Here's roughly what I achieved today:

  1. Got out of bed, dozy, struggling to remember how to program
  2. Make a sprite appear on the screen and move around in a hexagonal pattern
  3. Integrated Chipmunk, added platforms
  4. Added water - initially just a line strip. Spent maybe 4 hours making the ripples look Ok. They pretty much worked in the first numpy code I wrote but getting the wave propagation smooth and stable took a lot of tuning.
  5. Added flies, and an animation tongue that flicks out to grab them. Easy, done in half an hour.
  6. Fought a performance problem. In the end, I think I'm misunderstanding pyglet.clock.schedule_interval() somehow. Scheduling more things makes the game start to jitter. Switched to updating everything from a single update() function.
  7. Attempted to do refractive water.
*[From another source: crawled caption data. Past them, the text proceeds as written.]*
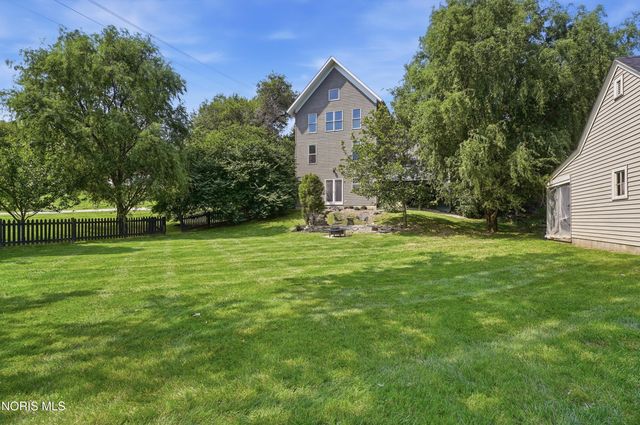 117 Mulberry Street, Perrysburg, OH 43551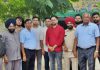 रोटरी क्लब सैंट्रल ने बच्चों को स्टेशनरी तथा मिठाई बांटी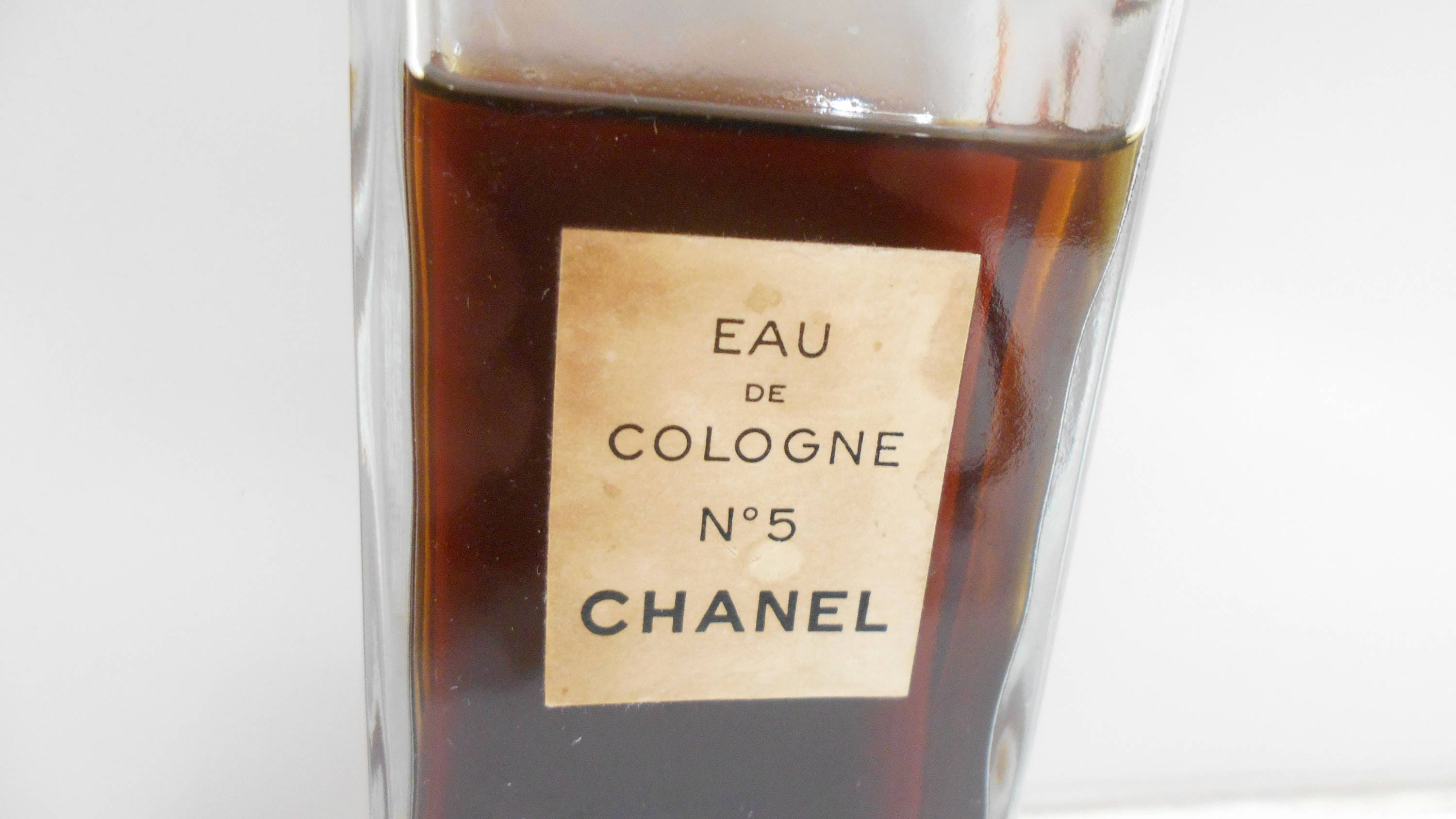 Vintage Chanel No. 5 Eau De Cologne (22) Chanel, Inc. NY, 4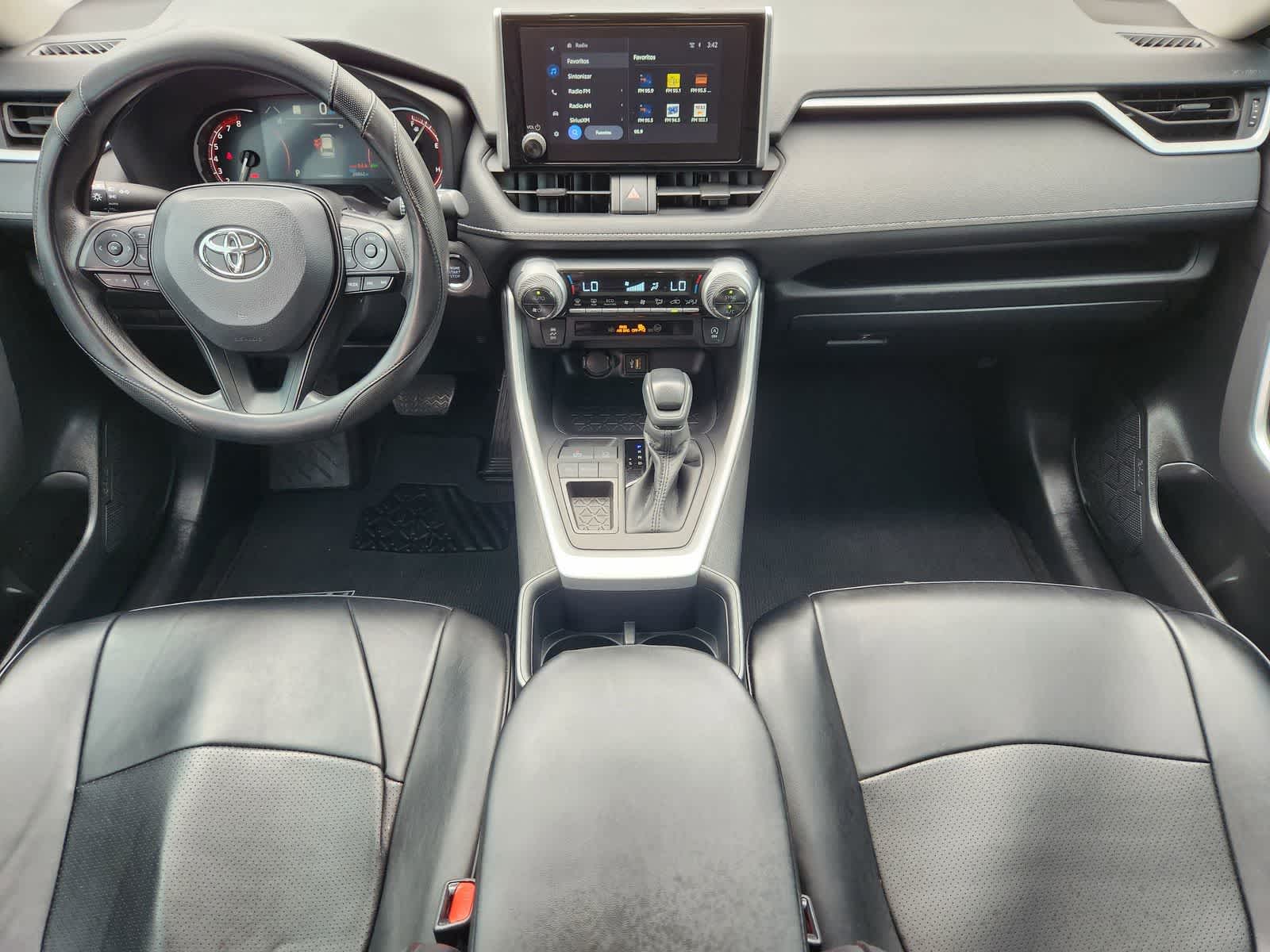 Thumbnail: 2025 Toyota RAV4 - 27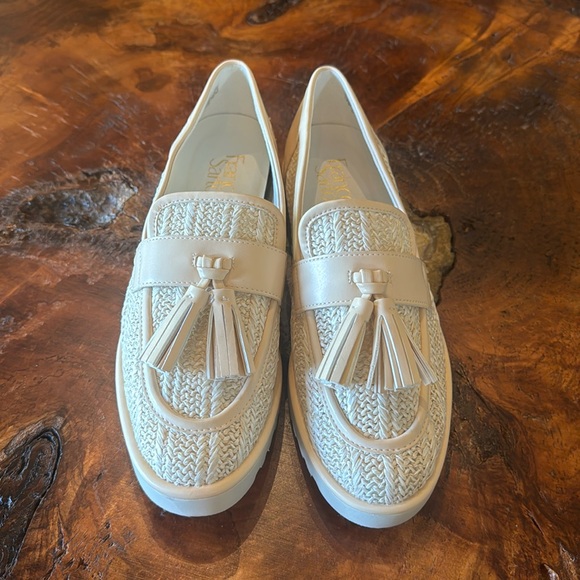 New Franco Sarto beige Rattan slip on loafers 7.5 - Picture 1 of 8
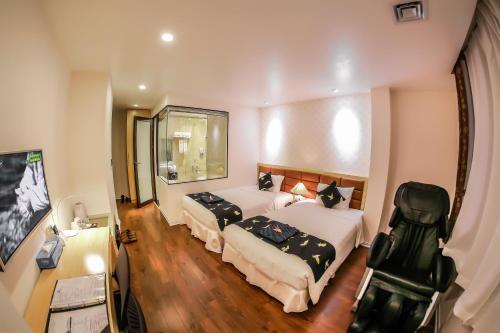 room detail thumbnail 0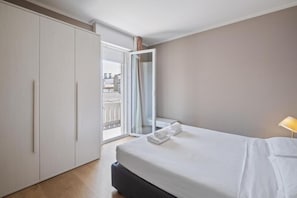 公寓, 1 张双人床和 1 张沙发床, 阳台 | 熨斗/熨衣板、免费 WiFi、床单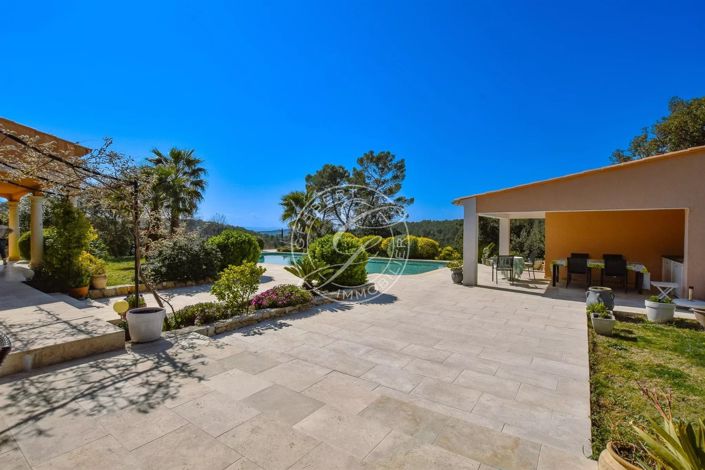 Image No.9-3 Bed House for sale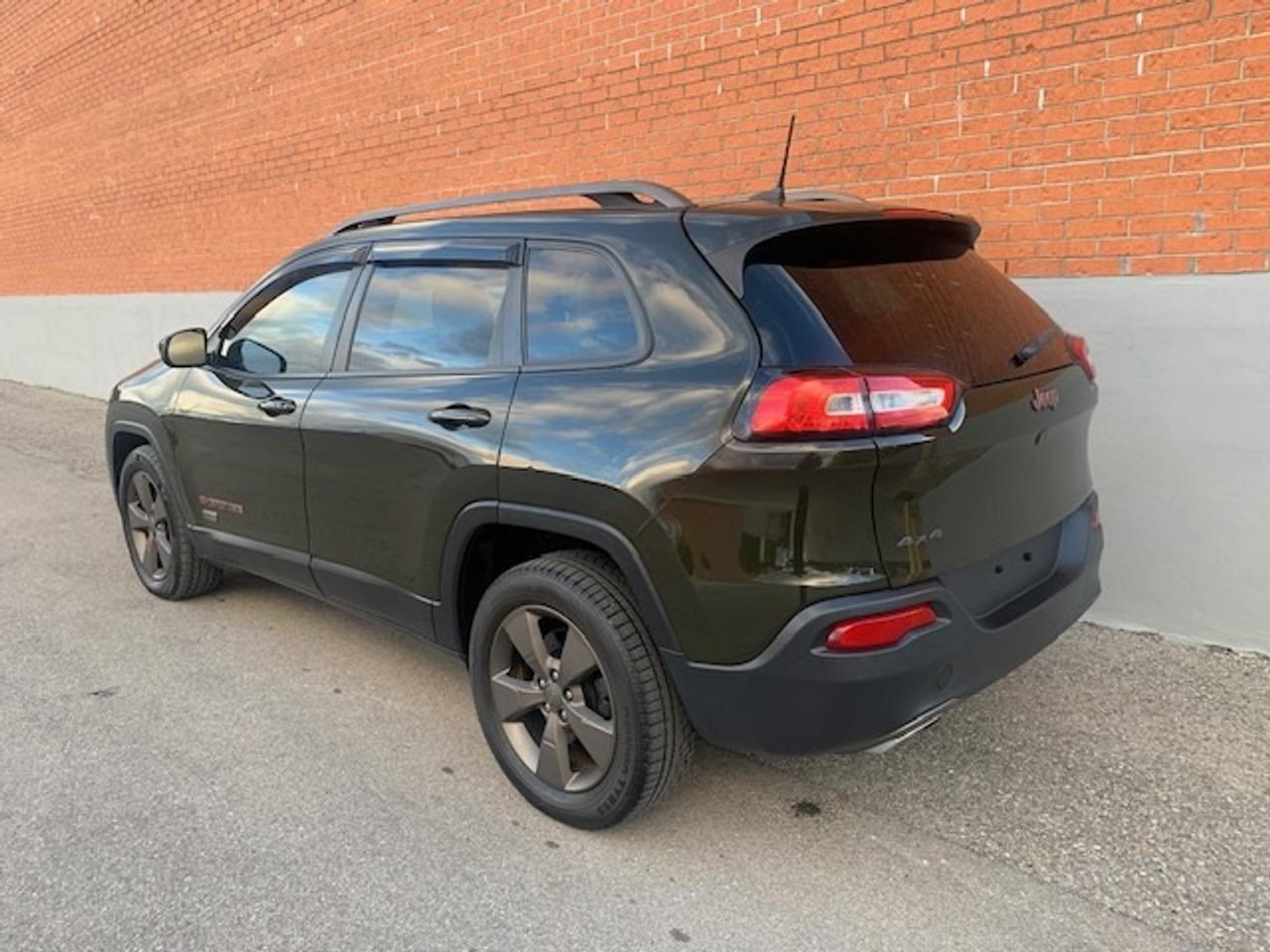 2016 Jeep Cherokee LATITUDE 4X4 V6 Photo3
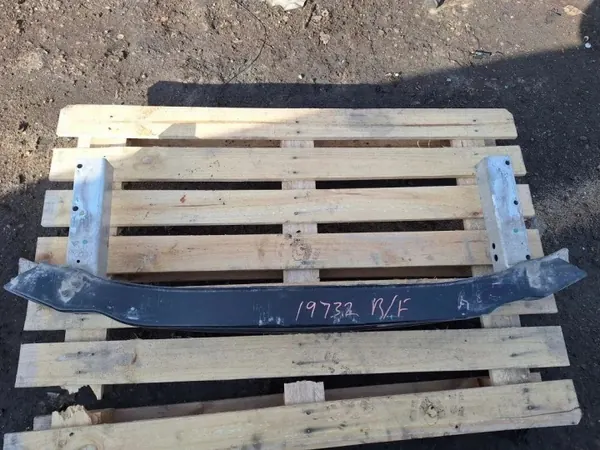 Taka-puskurin palkki OEM 8T0807332A Audi A5 Cabriolle image 3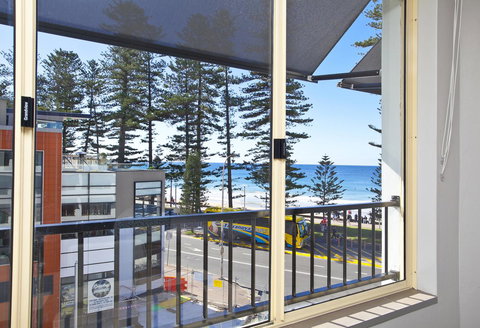 Manly Paradise Motel & Apartments - Hotel Accommodation 12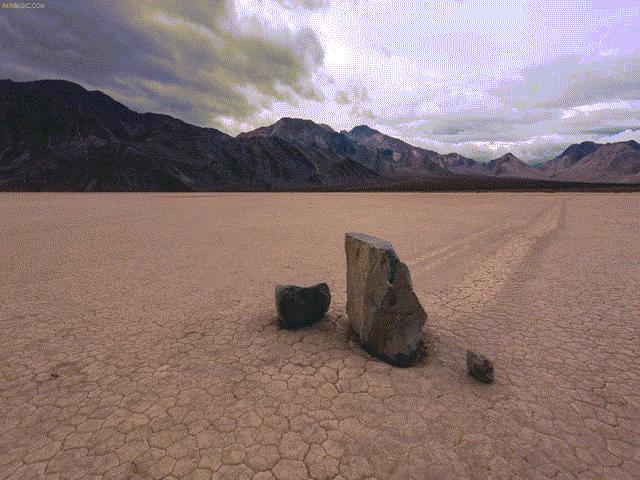 Khám phá bí ẩn những ”hòn đá ma thuật” ở thung lũng chết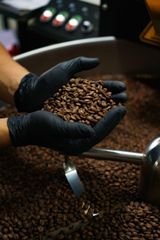 Premium Cameroon Roasted Coffee Beans – Arabica & Robusta, Specialty Grade, Wholesale Export - Image 1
Because this is PyWeek and it's "from scratch" I couldn't use the FBO stuff I wrote during PyWeek 24 because I don't think I've ever turned it into a library. I thought I would give ModernGL a try. Turns out this is a huge pain. The docs have gaps and out of date references, and the whole library very low level, and doesn't co-exist too happily with Pyglet's nice high-level abstractions. In the end I got it to work through poring over the docs, reading the code, perseverance, copying the examples, and trial and error. The shader was easy to get working once I got the VAO/VBO/FBO nightmare tamed.

So, it feels like good progress. I've got most of what I need by way of engine. I should try to create some levels next and try out the gameplay, but honestly I'll probably continue making it prettier first.